Look in the listing below for the line that has "2 bedroom Apartment", then return it and each following line up to and including the one with "Test van de opgevoerde BMW M2 Coupé foto 3", exactly and without pictures.

Stored data:
■ ■ ■ ■ ■

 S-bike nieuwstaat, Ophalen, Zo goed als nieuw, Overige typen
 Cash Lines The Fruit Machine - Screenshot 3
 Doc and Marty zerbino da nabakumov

■ ■ ■ ■ ■

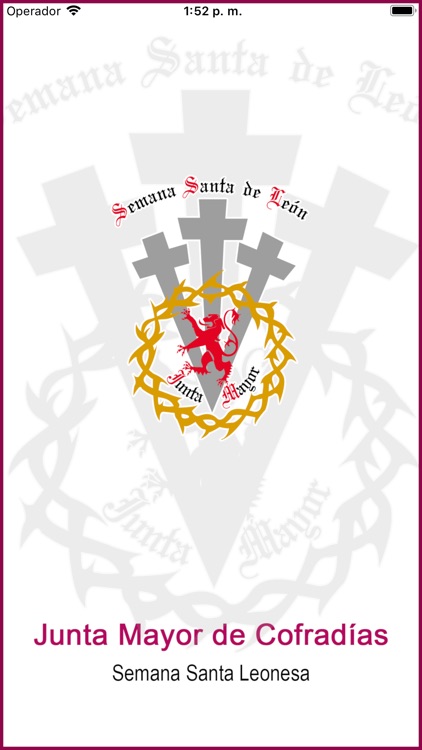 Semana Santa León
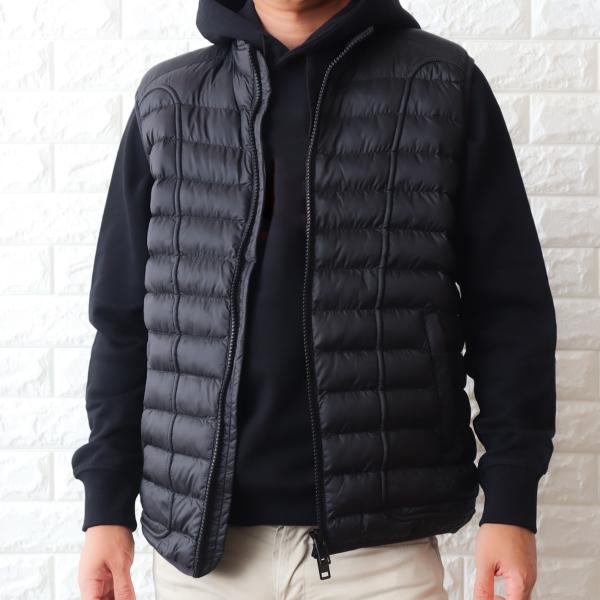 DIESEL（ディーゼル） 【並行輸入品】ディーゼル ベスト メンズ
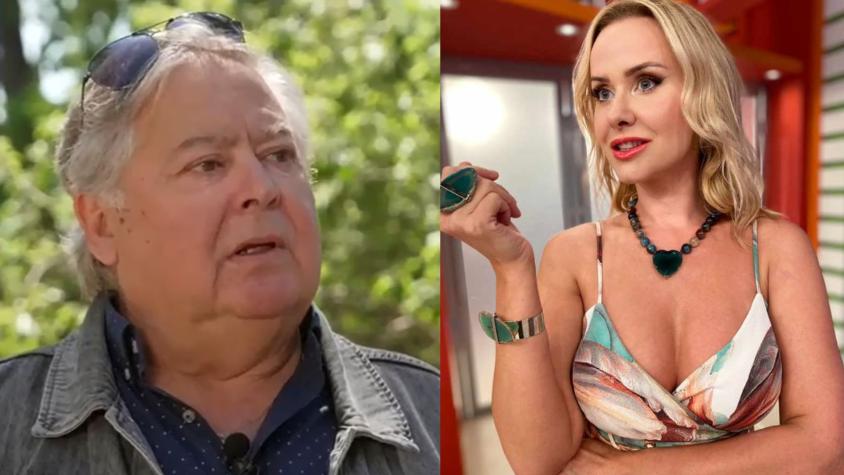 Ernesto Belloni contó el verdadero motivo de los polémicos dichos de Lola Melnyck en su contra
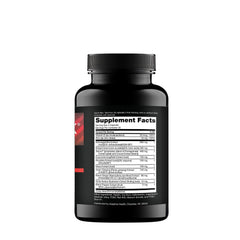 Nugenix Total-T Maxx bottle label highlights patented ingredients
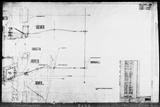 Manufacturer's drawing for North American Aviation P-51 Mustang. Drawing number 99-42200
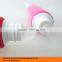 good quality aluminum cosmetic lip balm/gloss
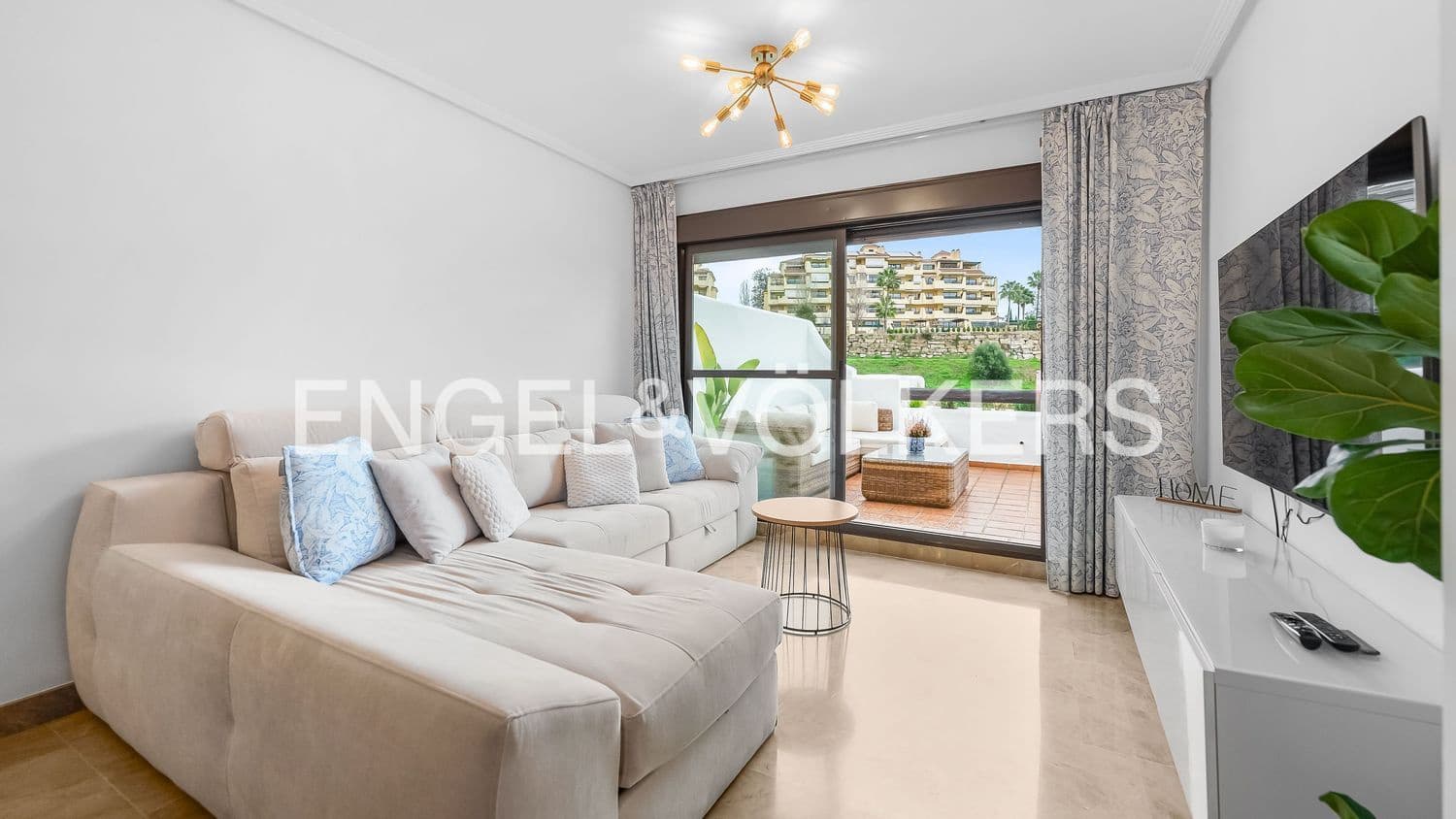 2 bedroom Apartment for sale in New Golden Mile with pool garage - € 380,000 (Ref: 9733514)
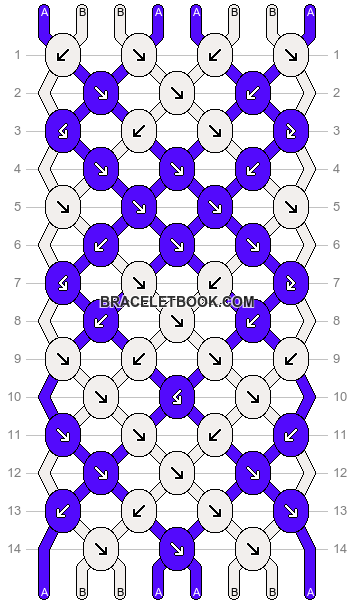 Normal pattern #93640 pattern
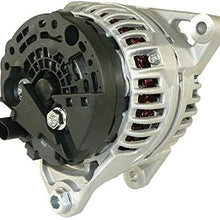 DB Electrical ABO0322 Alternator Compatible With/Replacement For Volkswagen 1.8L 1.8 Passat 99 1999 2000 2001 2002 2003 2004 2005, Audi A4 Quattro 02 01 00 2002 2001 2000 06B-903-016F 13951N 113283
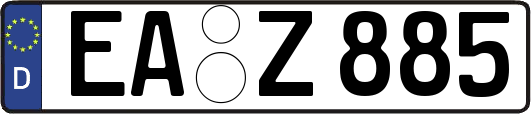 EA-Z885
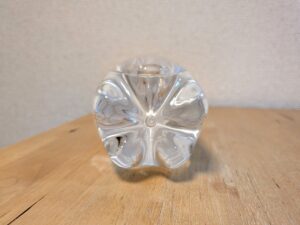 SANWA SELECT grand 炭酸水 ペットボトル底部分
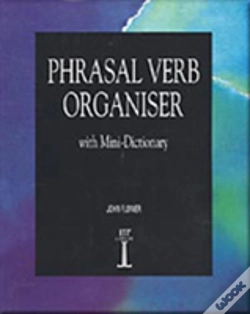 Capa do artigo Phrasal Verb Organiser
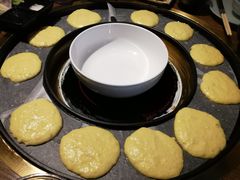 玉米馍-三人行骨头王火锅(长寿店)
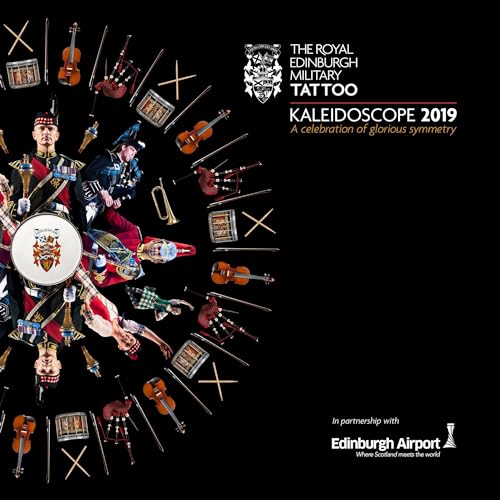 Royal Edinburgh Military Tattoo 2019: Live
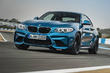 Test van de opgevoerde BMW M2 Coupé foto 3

■ ■ ■ ■ ■

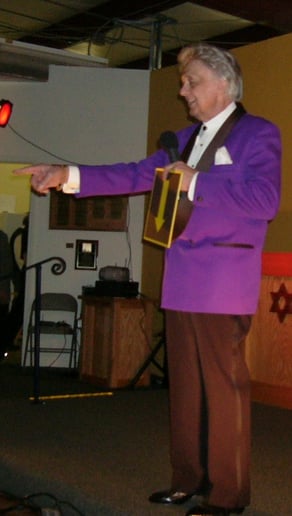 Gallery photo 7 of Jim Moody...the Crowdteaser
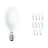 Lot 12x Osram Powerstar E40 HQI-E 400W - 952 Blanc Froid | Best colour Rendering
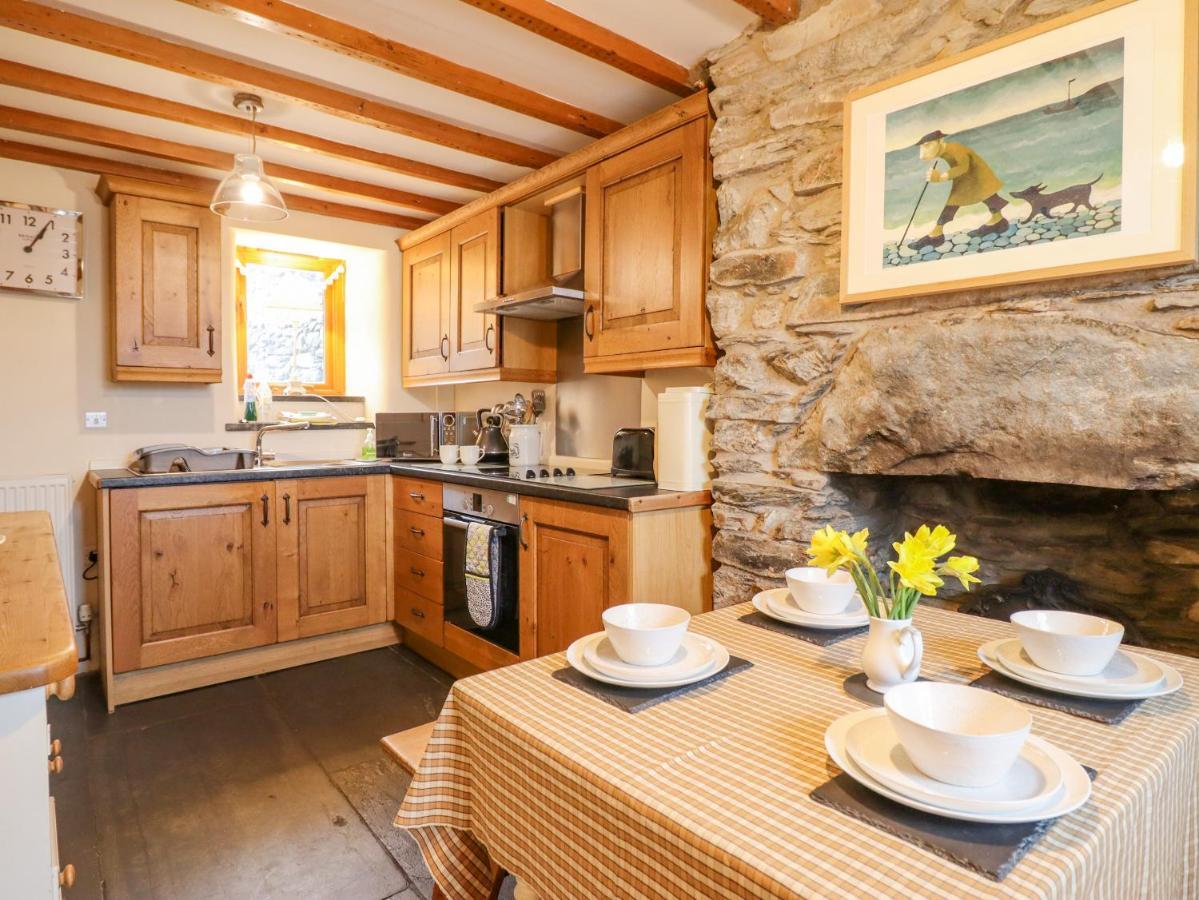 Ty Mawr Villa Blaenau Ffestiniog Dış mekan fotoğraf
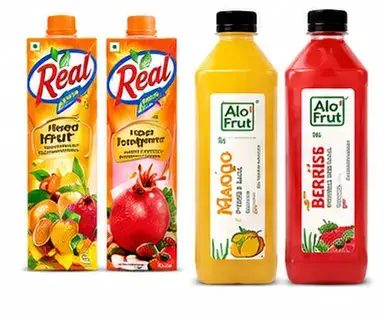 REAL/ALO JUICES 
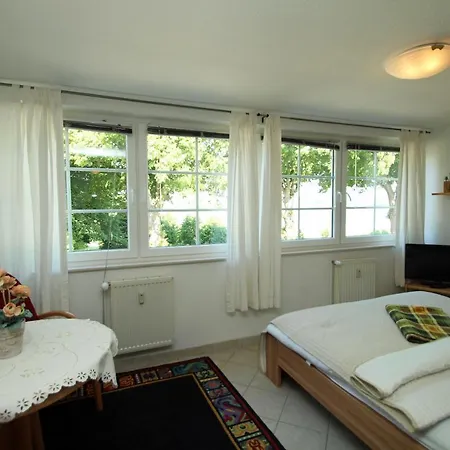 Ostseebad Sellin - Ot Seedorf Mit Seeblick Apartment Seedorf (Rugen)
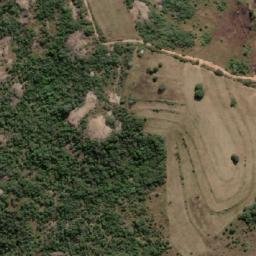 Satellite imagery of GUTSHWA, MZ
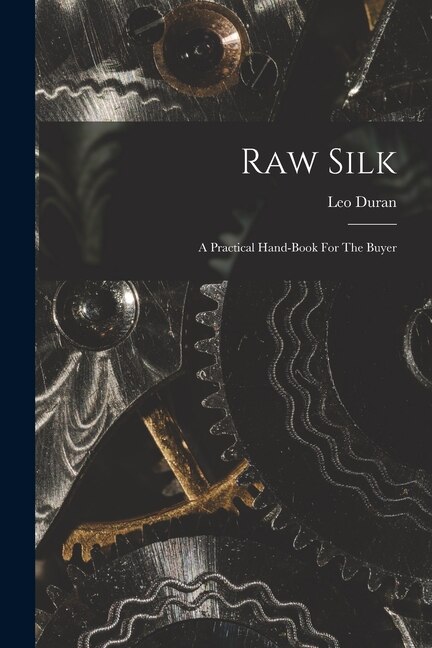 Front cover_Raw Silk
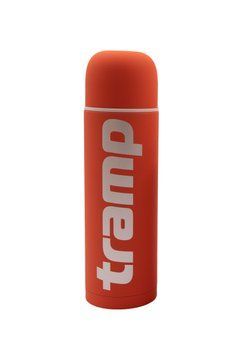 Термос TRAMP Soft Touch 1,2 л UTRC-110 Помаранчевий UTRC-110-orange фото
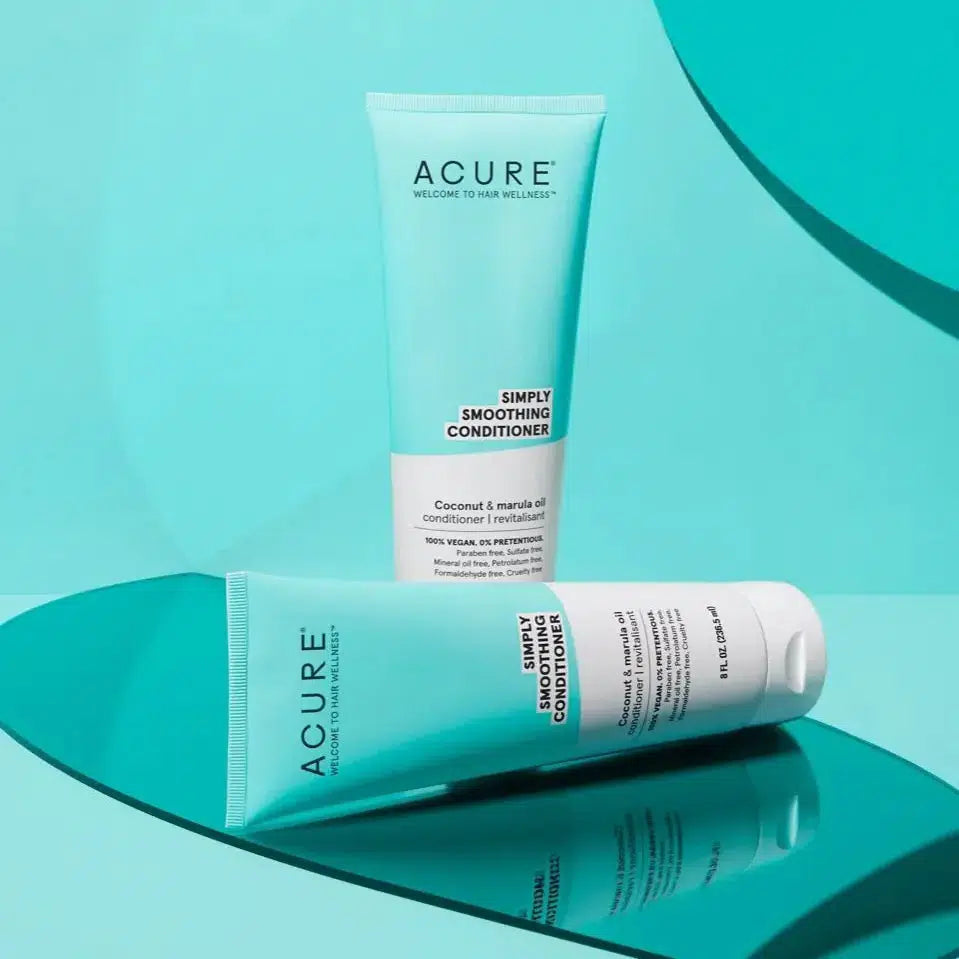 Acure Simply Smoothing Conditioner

■ ■ ■ ■ ■

Written answer:
 2 bedroom Apartment for sale in New Golden Mile with pool garage - € 380,000 (Ref: 9733514)
 Normal pattern #93640 pattern
 DB Electrical ABO0322 Alternator Compatible With/Replacement For Volkswagen 1.8L 1.8 Passat 99 1999 2000 2001 2002 2003 2004 2005, Audi A4 Quattro 02 01 00 2002 2001 2000 06B-903-016F 13951N 113283
 EA-Z885
 SANWA SELECT grand 炭酸水 ペットボトル底部分
 Capa do artigo Phrasal Verb Organiser
 玉米馍-三人行骨头王火锅(长寿店)
 Royal Edinburgh Military Tattoo 2019: Live
 Test van de opgevoerde BMW M2 Coupé foto 3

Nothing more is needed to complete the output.